#### [Problem statement]
Here the job is to print only the lines from the one containing "330 Hartford Avenue Daytona Beach FL 32118" to the end of the entries, both included, exactly as they stand, with pictures excluded.

#### [Provided material]
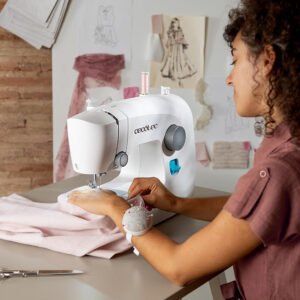 Masina de cusut Cecotec BelleCouture 1500, 15 moduri de cusaturi, set de accesorii
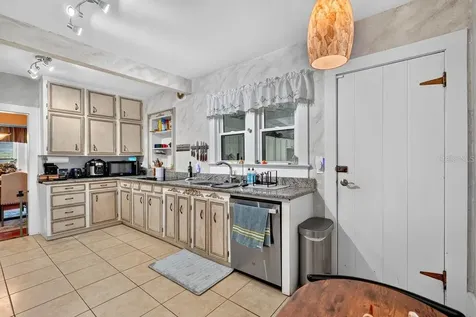 330 Hartford Avenue Daytona Beach FL 32118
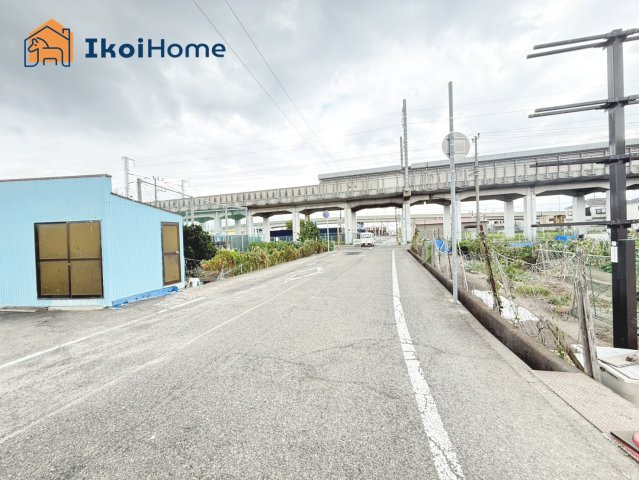 明石市二見町西二見　全7棟　1号棟　新築戸建の前面道路含む現地写真|●年中無休：当日予約可●前面道路は１～5号棟までは西向き！6・７号棟は南東向きです！
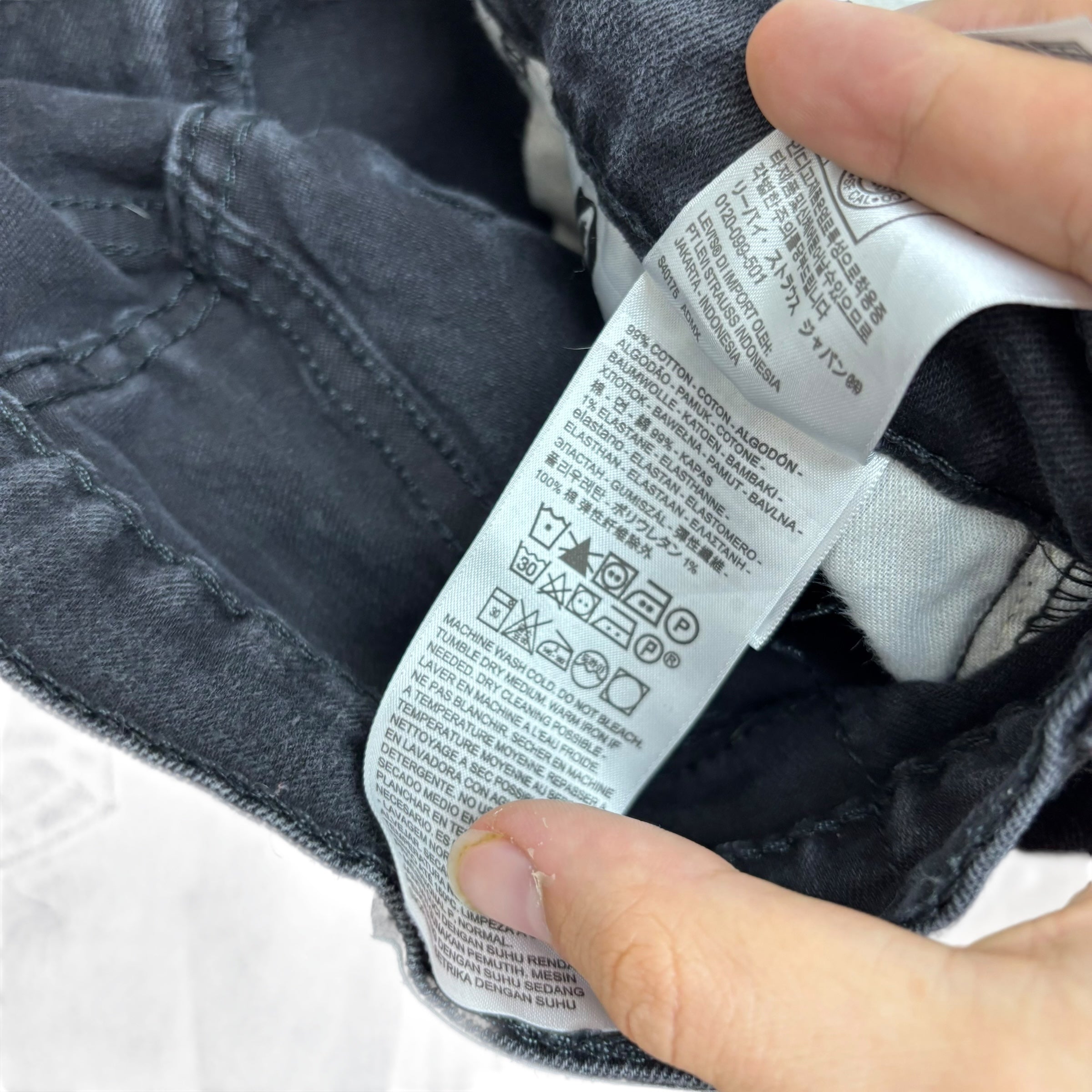 Levis 541 Jeans W30 L29 Mens Black Athletic Tapered Fit Stretch Denim (E)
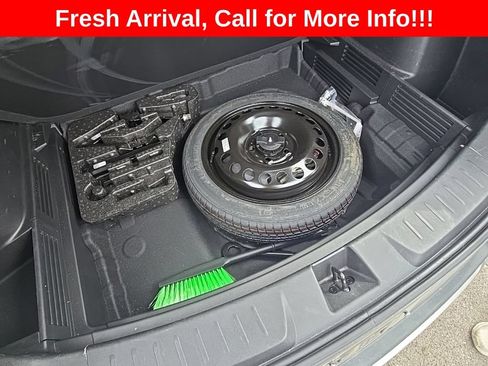 Used 2025 Chevrolet TrailBlazer LT AWD/4WD image 19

#### [Solution]
 330 Hartford Avenue Daytona Beach FL 32118
 明石市二見町西二見　全7棟　1号棟　新築戸建の前面道路含む現地写真|●年中無休：当日予約可●前面道路は１～5号棟までは西向き！6・７号棟は南東向きです！
 Levis 541 Jeans W30 L29 Mens Black Athletic Tapered Fit Stretch Denim (E)
 Used 2025 Chevrolet TrailBlazer LT AWD/4WD image 19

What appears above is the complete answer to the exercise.